++++ SUPPLIED MATERIAL
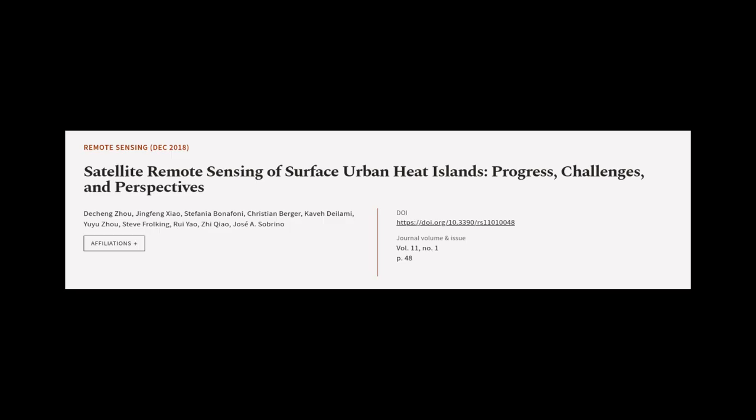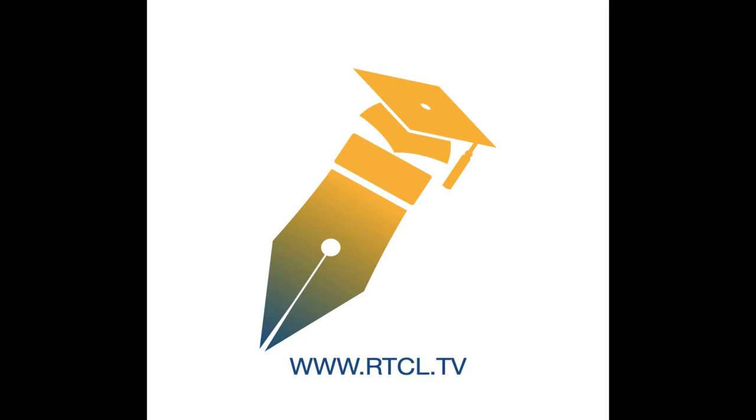This article was authored by De Qingzhou, Jingfeng Xiao, Stephanie Abanifoni, and others. WeAreArticle.tv. Links in the description below.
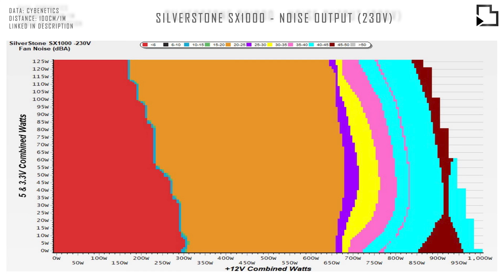Cybernetics testing shows that the SX1000 remains fairly quiet up to 700 watts, after which point the noise levels dramatically increase up to 1000 watts.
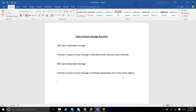We do not always know the number of data centers available in a region. For example, there are data center regions available in India as well — Central India is Pune, West India is Mumbai, and South India is Chennai. Those are the three data centers available in Indian data center regions.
++++++++
> [ACTION ITEM]: Starting at the line with "Cybernetics testing shows", output each line through the final one of the listing above, and nothing else. Pictures are to be left out.

> [PROBLEM SOLUTION]:
Cybernetics testing shows that the SX1000 remains fairly quiet up to 700 watts, after which point the noise levels dramatically increase up to 1000 watts.
We do not always know the number of data centers available in a region. For example, there are data center regions available in India as well — Central India is Pune, West India is Mumbai, and South India is Chennai. Those are the three data centers available in Indian data center regions.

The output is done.